What caught me off guard was how brief his answers were and how he seemed to have no feeling. He wasn't disinterested in the conversation, but he seemed to brush off each question as though they were conquered and he didn't have to talk about them anymore. My replies were specific and I remember feeling peace as I answered them, that I had overcome specific portions of the addiction and was on the right path. I remember worrying that he was sober, but not recovered and worried that I would not be the same way. The dream ended with me telling him: "I have a rule, that no matter who it is I will marry in the future, before we get married, I will tell her about my addiction. If I don't, then I am not being honest with her." I remember seeing my brother's face in shock and concern for his own situation, then the dream closed.

---

The second dream was much shorter. In this dream, I was older, but still with my brother. This one took place in my girlfriend's grandparents' home. Apparently, the entire family new of my addiction and it was decided by my girlfriend's grandmother and myself that my brother and I go for a drive with her grandfather. He asked us where we should go. I replied, "Anywhere at least 15 minutes away where we can talk." He drove us to a place in front of a retirement trailer park and told us the importance of being clean. He referred to talks by general authorities of the church and explained that it was one of the biggest problems we had in society today. Again, I felt peace thinking about what he said and my responses were true and with conviction. The conversation ended and the youth from the ward came to the car and started to talk with us. I remember that they had a lot of respect for me and loved me. Then this dream closed.

---

The third dream was a little different. I was in the military with two others who were my friends (nobody I knew in real life). Apparently, we had received information that somehow we already knew a little of the future of our Recruiting Sergeant. We knew that he was a harsh leader, but fair and demanding and otherwise a really nice guy. It was our responsibility to join his platoon and watch out for him since we knew he was going to die soon from a heart attack, right before giving out cookies (this is important later).

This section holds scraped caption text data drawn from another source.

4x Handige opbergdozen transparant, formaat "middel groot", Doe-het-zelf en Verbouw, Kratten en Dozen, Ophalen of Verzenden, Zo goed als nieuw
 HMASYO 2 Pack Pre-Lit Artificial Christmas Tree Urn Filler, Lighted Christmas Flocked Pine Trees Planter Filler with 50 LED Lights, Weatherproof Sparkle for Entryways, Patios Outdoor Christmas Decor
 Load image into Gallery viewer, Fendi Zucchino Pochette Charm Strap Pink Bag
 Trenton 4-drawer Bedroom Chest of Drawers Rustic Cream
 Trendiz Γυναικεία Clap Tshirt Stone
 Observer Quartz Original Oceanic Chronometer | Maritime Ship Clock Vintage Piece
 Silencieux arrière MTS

I therefore joined up and was somehow a higher rank than others as I had some privileges the other soldiers did not and I always was first in line.

The Sergeant regularly inspected our packs and organization skills. The dream ran through three or four of these in a row. I was eventually caught stashing some extra snack food in my pack, but he only had me throw it out and no more. He explained that if I was to be in charge of a group of soldiers I had to set the example. 

The time eventually came that he started showing signs of the heart attack. I ran and grabbed the other guys who knew it was going to happen and we joined our Sergeant in a supply room. We asked him what we should do. He told us to go ahead and take our share of the fresh chocolate chip cookies from the table on the other side of the room. We thought it strange this was his request when he told us one more piece of instruction: we were allowed to take as many cookies as we wanted so long as we had issues we had to overcome and stated what they were. We were to have anyone who took them do the same. However, we were not allowed to eat them, we had to give them to someone else. I immediately picked one up and said, "Well, I can take one right now. I have flat feet." I took a cookie and gave it to my Sergeant. He smiled exhaustively. Immediately, I thought of other issues I had, especially concerning my addictions and how many cookies I should take and give away. I felt a great peace once again. This is where the third dream ended.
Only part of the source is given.